__Instructions to follow__
Pictures in the records below must be left out. Return exactly the lines from the line with "Screenshot of Sportpesa App" to the line with "oVertone Daily Color", both included.

__Input data__
== Segment start ==
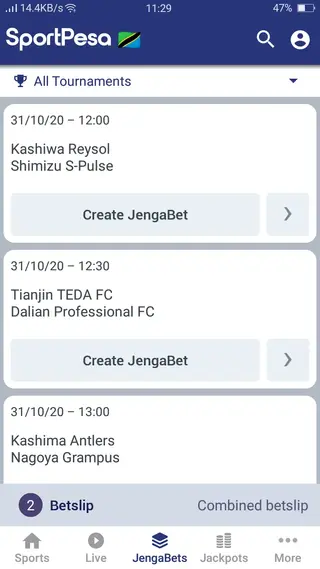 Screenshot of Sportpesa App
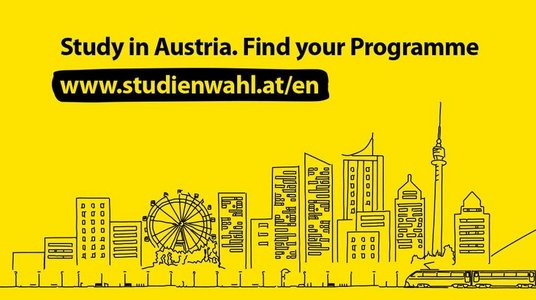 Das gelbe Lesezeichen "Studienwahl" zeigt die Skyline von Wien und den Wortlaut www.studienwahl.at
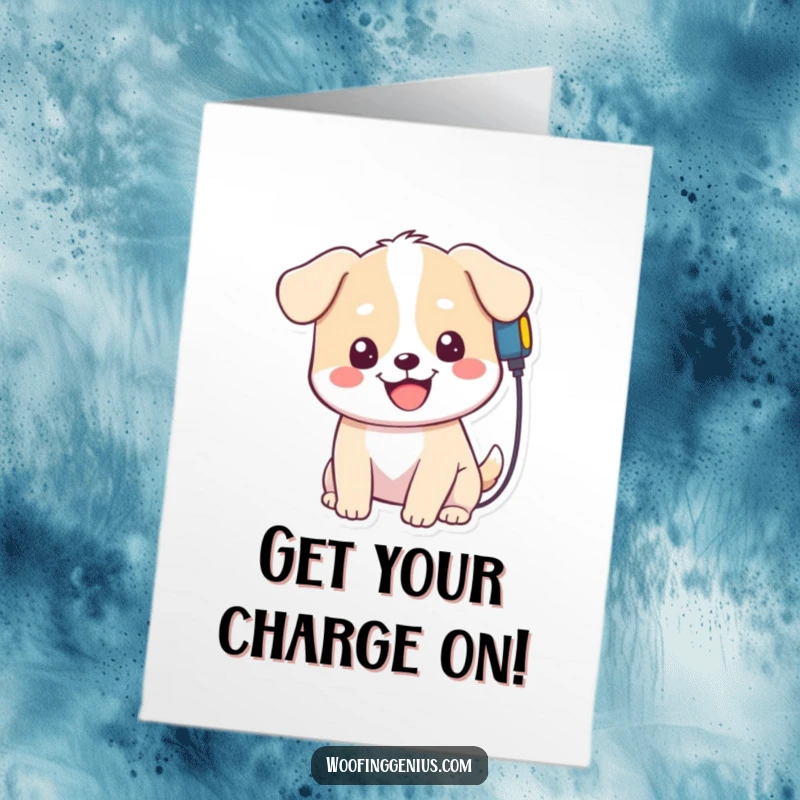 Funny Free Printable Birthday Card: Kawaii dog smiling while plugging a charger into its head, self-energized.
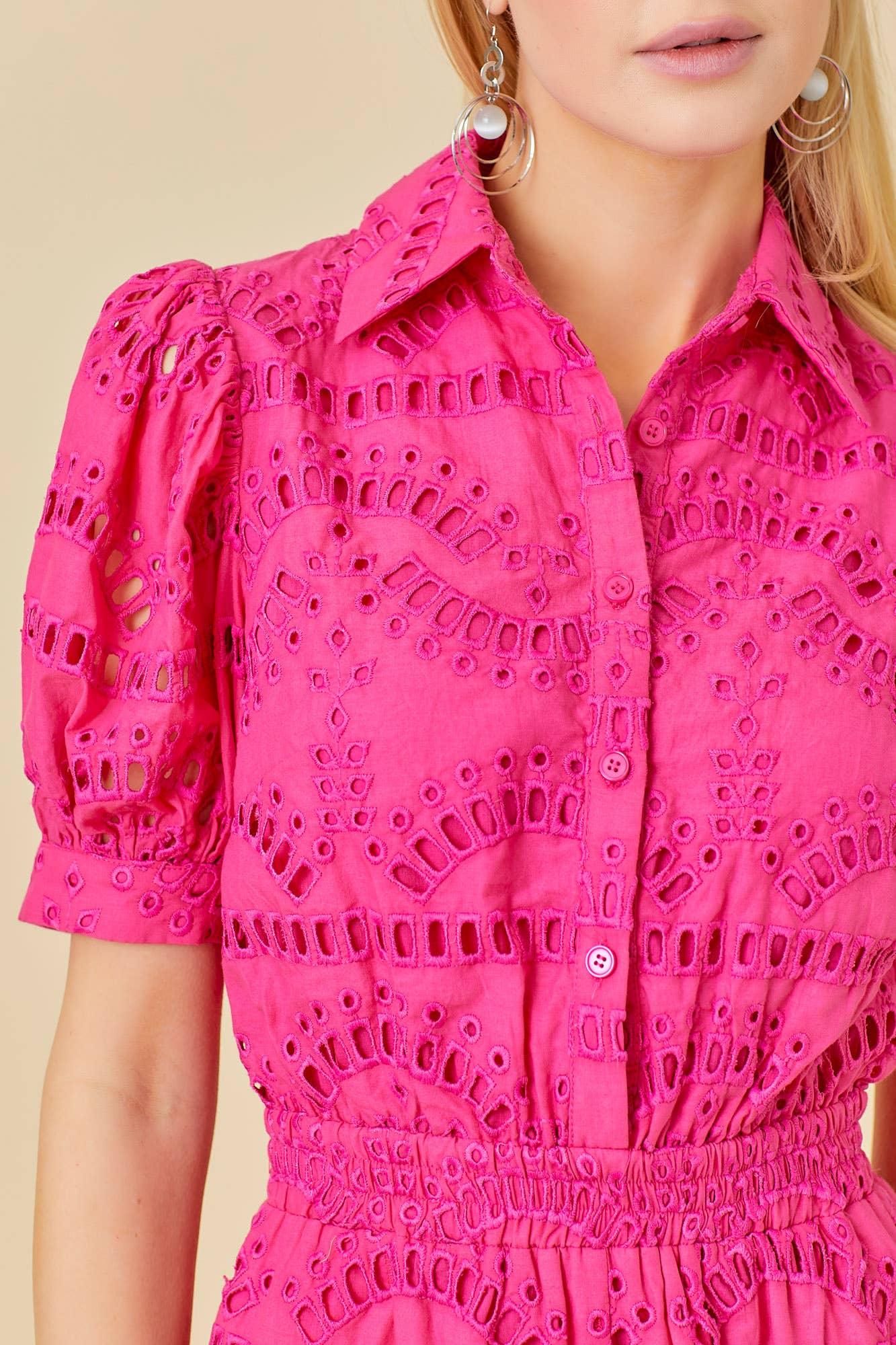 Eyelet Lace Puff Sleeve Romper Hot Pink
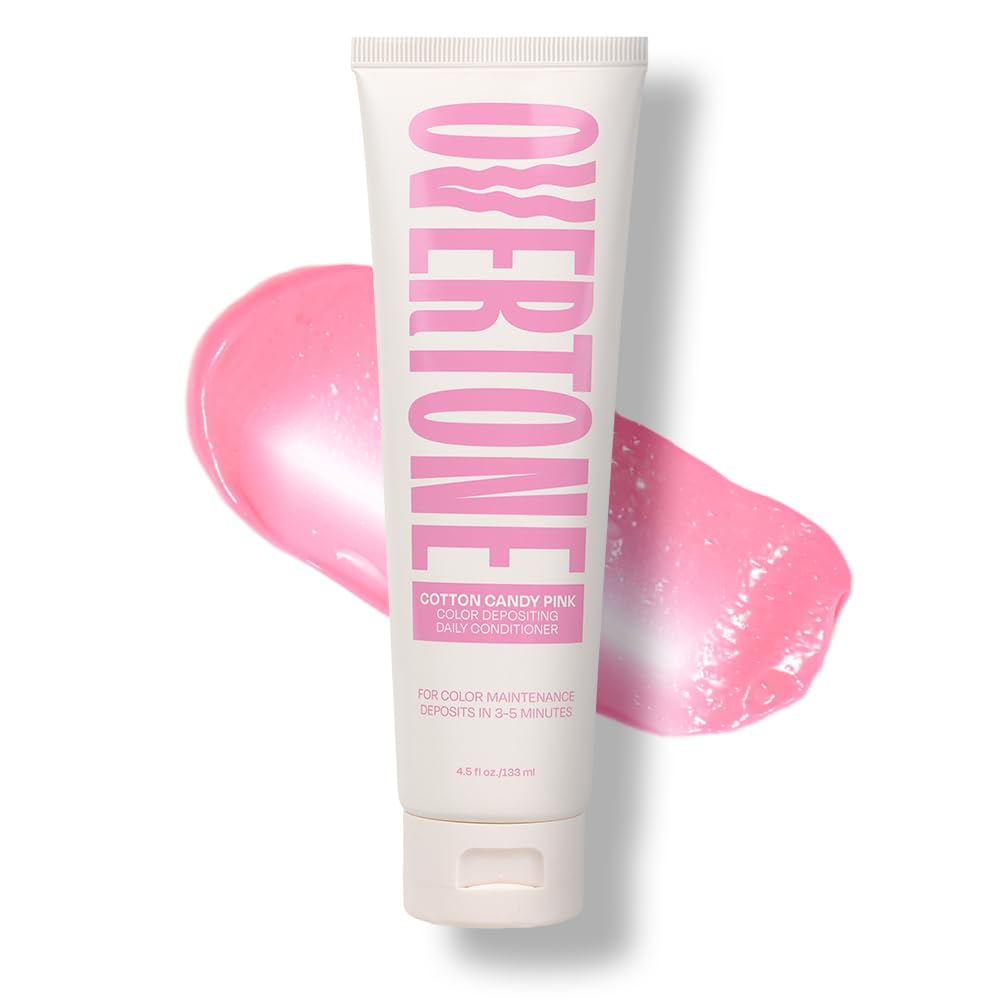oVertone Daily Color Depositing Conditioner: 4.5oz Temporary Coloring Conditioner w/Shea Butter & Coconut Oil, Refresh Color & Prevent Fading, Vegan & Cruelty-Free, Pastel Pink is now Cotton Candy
== Segment end ==
== Segment start ==
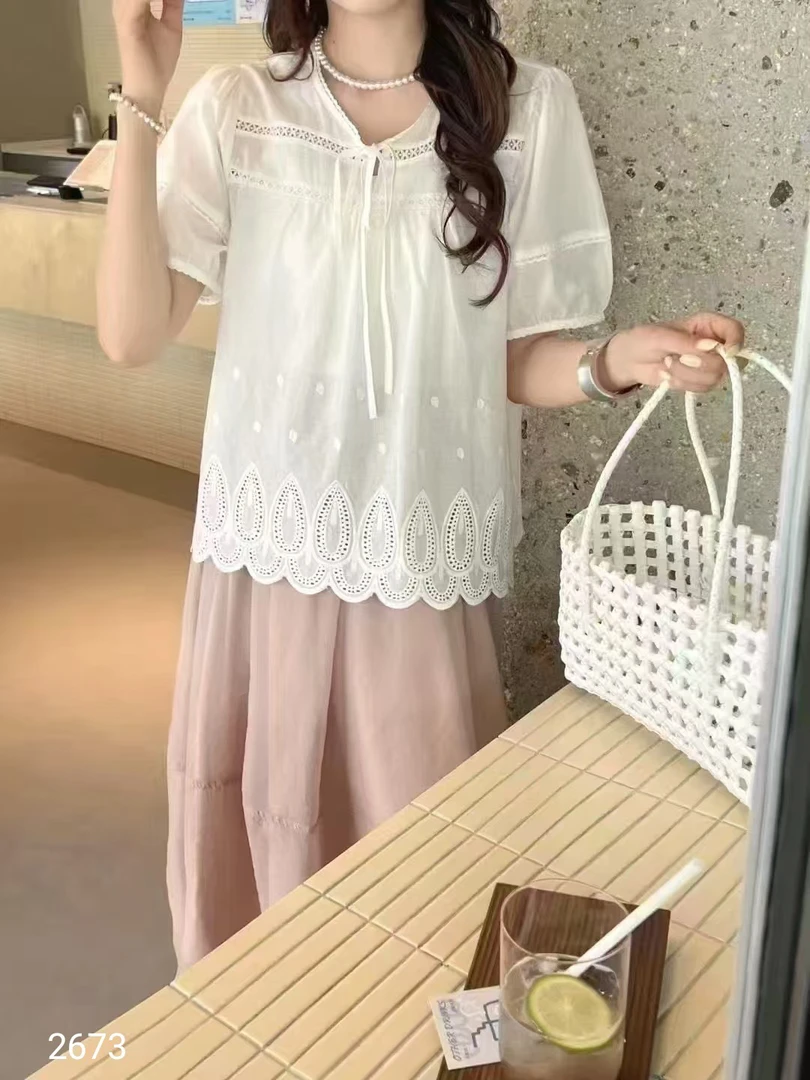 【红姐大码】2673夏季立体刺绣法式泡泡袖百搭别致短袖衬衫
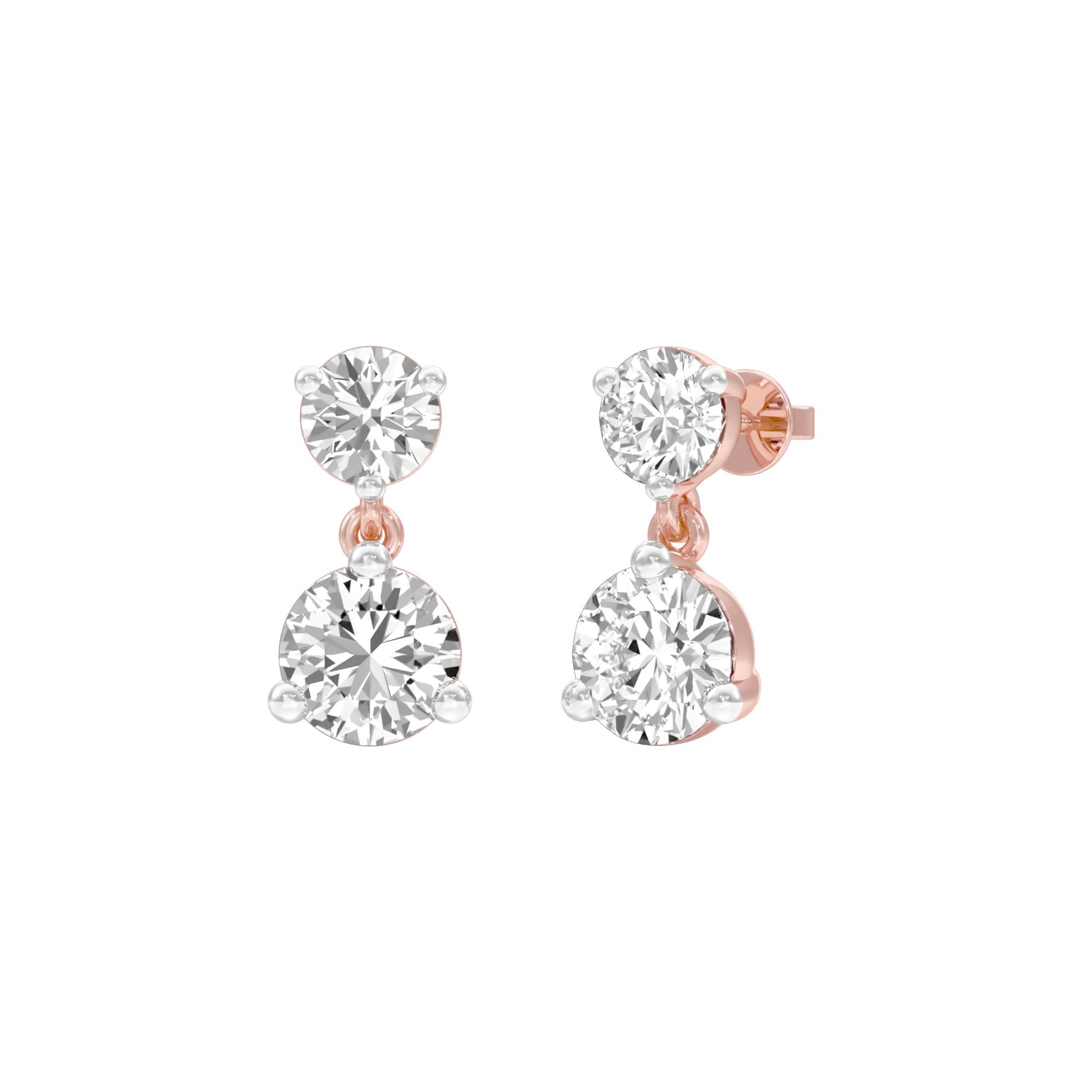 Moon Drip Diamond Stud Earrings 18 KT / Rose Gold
== Segment end ==
== Segment start ==
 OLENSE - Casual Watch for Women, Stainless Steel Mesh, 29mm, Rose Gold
== Segment end ==
__Solution for this exercise__
 Screenshot of Sportpesa App
 Das gelbe Lesezeichen "Studienwahl" zeigt die Skyline von Wien und den Wortlaut www.studienwahl.at
 Funny Free Printable Birthday Card: Kawaii dog smiling while plugging a charger into its head, self-energized.
 Eyelet Lace Puff Sleeve Romper Hot Pink
oVertone Daily Color Depositing Conditioner: 4.5oz Temporary Coloring Conditioner w/Shea Butter & Coconut Oil, Refresh Color & Prevent Fading, Vegan & Cruelty-Free, Pastel Pink is now Cotton Candy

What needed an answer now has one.